The general theme of the Book of Leviticus is in today’s opening sentence: “Be holy, for I, the Lord, your God, am holy.” Today’s reading comes from a section dealing with moral and religious regulations related to daily life, with obvious links to the Ten Commandments. Some of them sound somewhat strange today such as, “You will not round off your hair at the edges or trim the edges of your beard” (as presumably some of Israel’s ‘pagan’ neighbours were doing).

In today’s reading the call is clear: the measure of our holiness is that of God himself. Obviously that is not something to be even remotely achieved in our lifetime; rather, it is an ideal to be constantly aimed at as we continually try to raise our sights. But, are there are any measures, by which we can measure our progress in something so abstract as holiness?

Very simply, today’s reading says that it consists in the way we treat (or do not treat) those around us. It is perhaps worth observing that everything here is largely expressed in the negative, the things we ought not to do towards our brothers and sisters.

– no stealing or fraud

– no irreverent use of God’s name.

– no abuse of others through exploitation or robbery by paying just wages at the proper time.

– no abuse or neglect of the disabled: the blind and the dumb are mentioned.

– avoiding all forms of prejudice and bias either towards the weak or the powerful

– no passing of judgement on others beyond the bounds of justice and fairness.

– never criticise out of hatred but only out of a desire to help.

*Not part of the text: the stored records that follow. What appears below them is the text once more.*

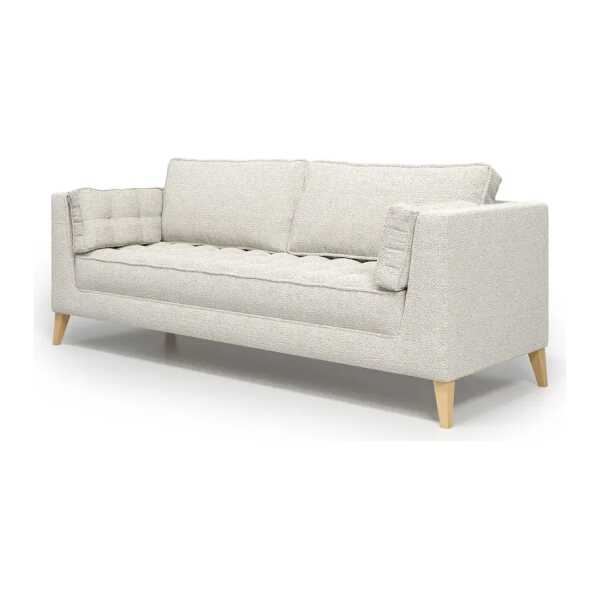 Sofa Licoy Beige Bouclé Stoff Anouk 222cm Modern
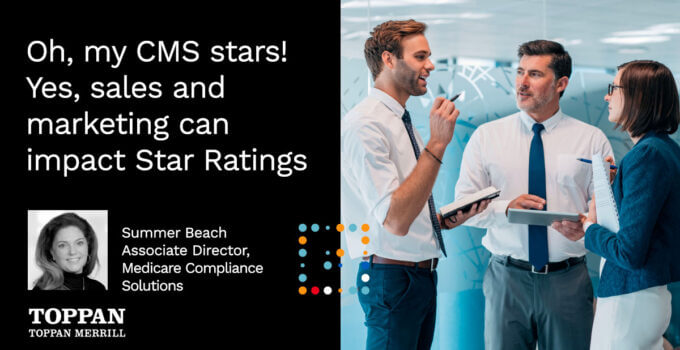 Oh, my CMS stars! Yes, sales and marketing can impact Star Ratings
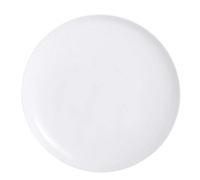 CreaTable Italian Party Pizza Plates White 33 cm Opal Glass Set of 10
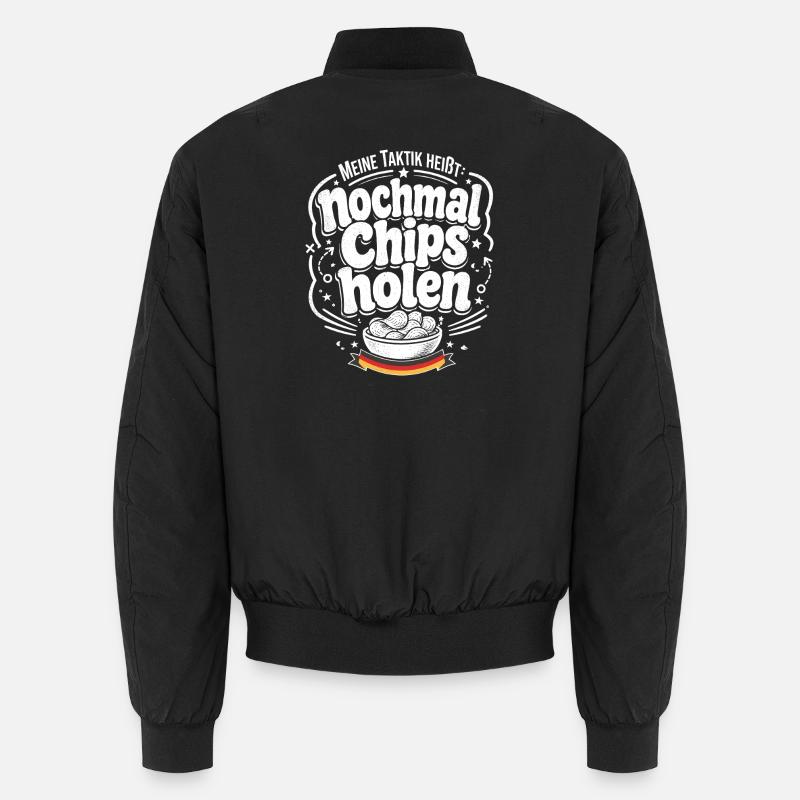 Nochmal Chips holen Taktik - Unisex Bomberjacke - Schwarz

– no vengeance, no grudges.

It is quite obvious that it is not enough just not to do these things but rather positively to do the opposite in each case. And they are all finally summed up in one positive injunction: “Love your neighbour as you love yourself.” In the context, it is clear that ‘neighbour’ means a fellow-Jew but Jesus – as well as Paul and James in their letters – would extend its meaning to embrace every single person.

Some of the stricter Pharisees interpreted ‘loving the neighbour’ as implying that one should ‘hate the enemy’. But others came closer to Jesus’ injunction that love for neighbour should even extend to those who would want to harm us. For instance, Rabbi Nahmanides said: “One should place no limitations upon the love for the neighbour, but instead a person should love to do an abundance of good for his fellow being as he does for himself.”

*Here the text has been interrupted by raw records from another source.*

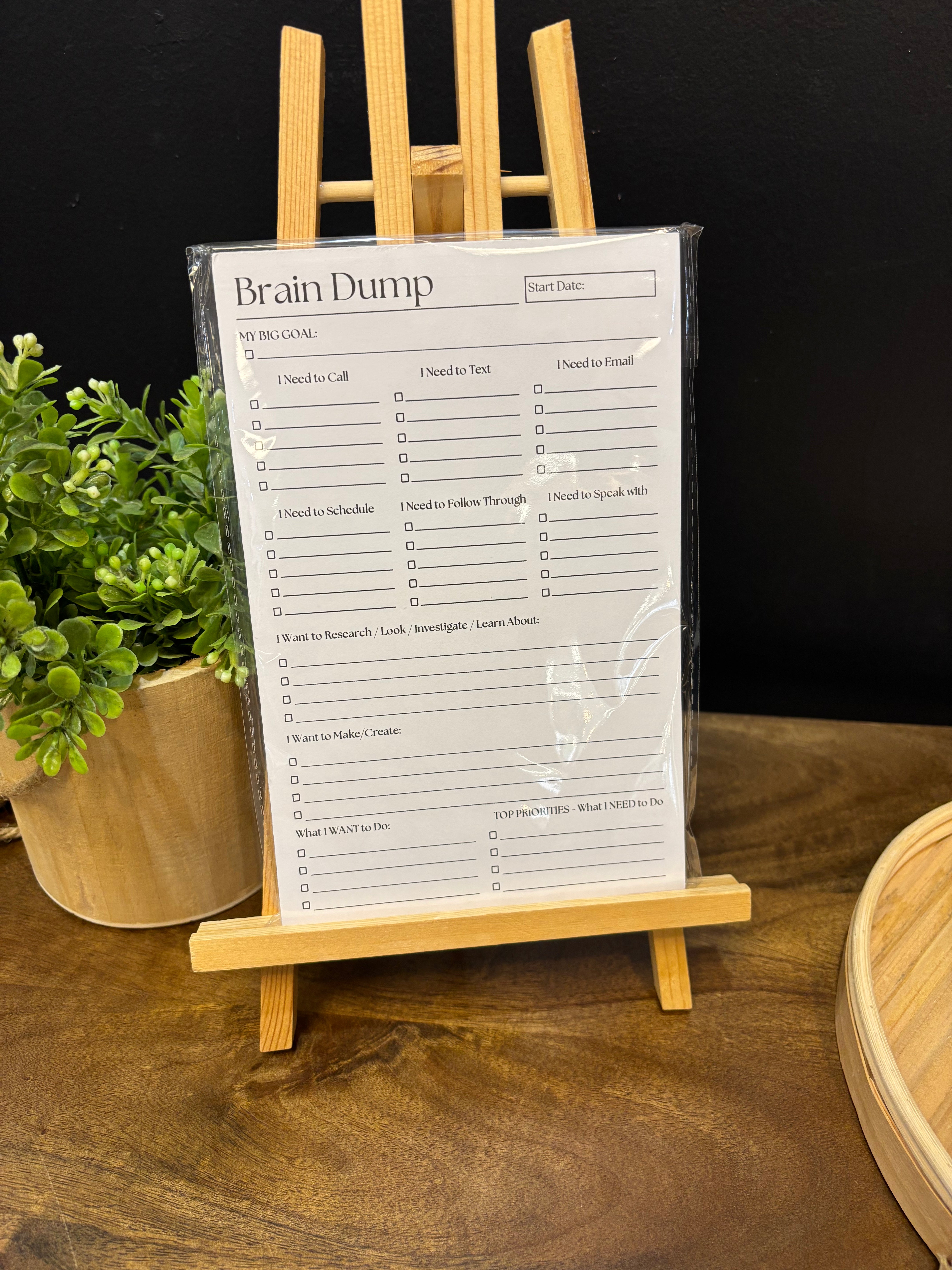 Notepad Daily Adhd Planner-Black/White-note pads-faire-The Silo Boutique, Women's Fashion Boutique Located in Warren and Grand Forks North Dakota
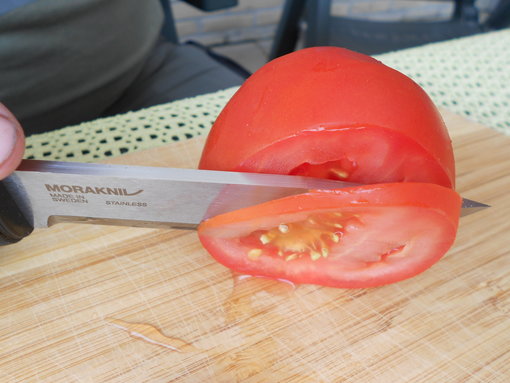 Tomaat snijden Tomaat snijden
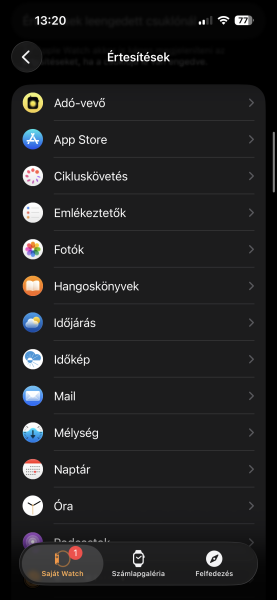 Lejjebb g&ouml;rgetve a be&eacute;p&iacute;tett alkalmaz&aacute;sok list&aacute;j&aacute;t l&aacute;tod. Ha megnyitsz egyet, finomhangolhatod a be&aacute;ll&iacute;t&aacute;sait.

It is clear from this and the later teaching of Jesus that the ‘neighbour’ included every single person and not just those close to us by place, nationality, race, religion, class or gender… but even those who would want to harm us. And, as today’s Gospel makes clear, the neighbour is particularly to be identified with any person who is in need of any kind.

Later, Jesus would push the command even further when he told us to love each other not just as much as we love ourselves but to the degree that he loved us – by ‘emptying’ himself and giving his life for every single one of us.

As I reflect on this passage during Lent, I may ask: Where do I stand in my relationships with my friends, my ‘enemies’ or the needy in my community?